The Dutch House of Representatives passed on Thursday legislation that will fundamentally reshape how the country taxes investment gains, including those from crypto assets, starting January 2028.
The bill, known as the Actual Return in Box 3 Act (Wet werkelijk rendement box 3), introduces a capital growth tax on most assets, such as stocks, crypto, and bonds.
Under the new framework, residents will be taxed each year at a rate of around 36% on their actual returns from savings and investments, even if the assets are not sold. This means taxes will apply not only to income received, but also to increases in asset values, including unrealized gains.

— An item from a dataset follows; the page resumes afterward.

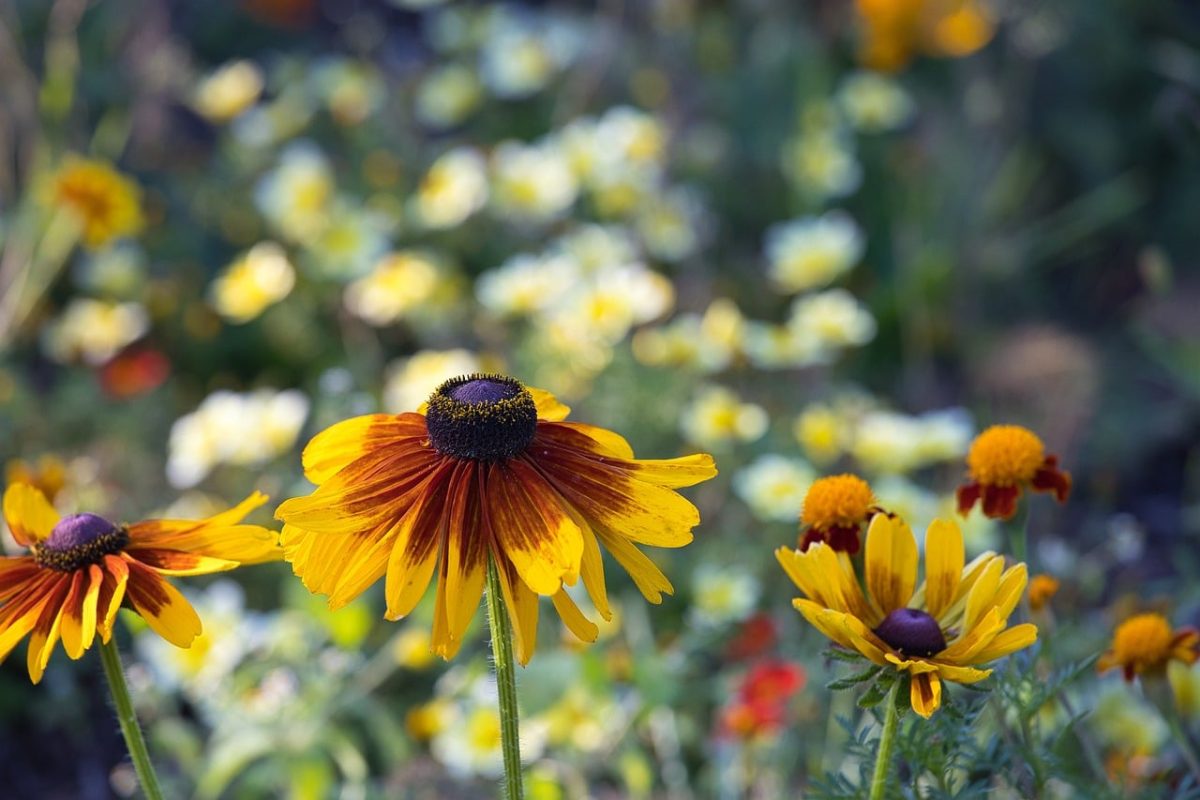 flower, rudbeckia, garden, yellow, outdoors, bokeh effect, colorful, autumn, summer, botany, rural, blooming, natural, beyond, season, applicable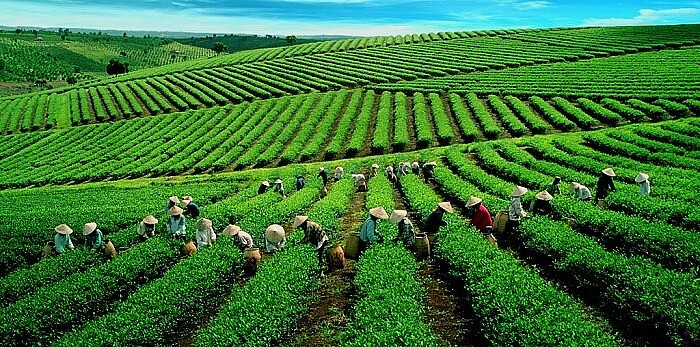 Vùng trồng chè đặc sản ở Việt Nam: Di sản từ đất, tinh túy từ bàn tay người làm trà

Real estate and shares of startups will follow different rules. For these assets, tax will mainly be charged when a profit is actually made, also known as capital gains tax. However, income from these assets, such as rent or dividends, will still be taxed in the year it is received.
The new system has drawn backlash from crypto community members, who warn that it could force people to pay taxes without having sufficient cash to do so.
Price swings are another key concern, especially for crypto assets, as paper profits could be wiped out after taxes.
Parliament approved an amendment to cut the review period from five years to three. The change is meant to allow faster adjustments if the rollout runs into problems.
In addition, a coalition of major Dutch political parties (D66, VVD, and CDA) has signaled plans to eventually move toward a capital-gains model, with draft legislation expected by Budget Day 2028. Under that system, taxes would apply only when assets are sold, easing cash-flow pressures but reducing short-term government revenue.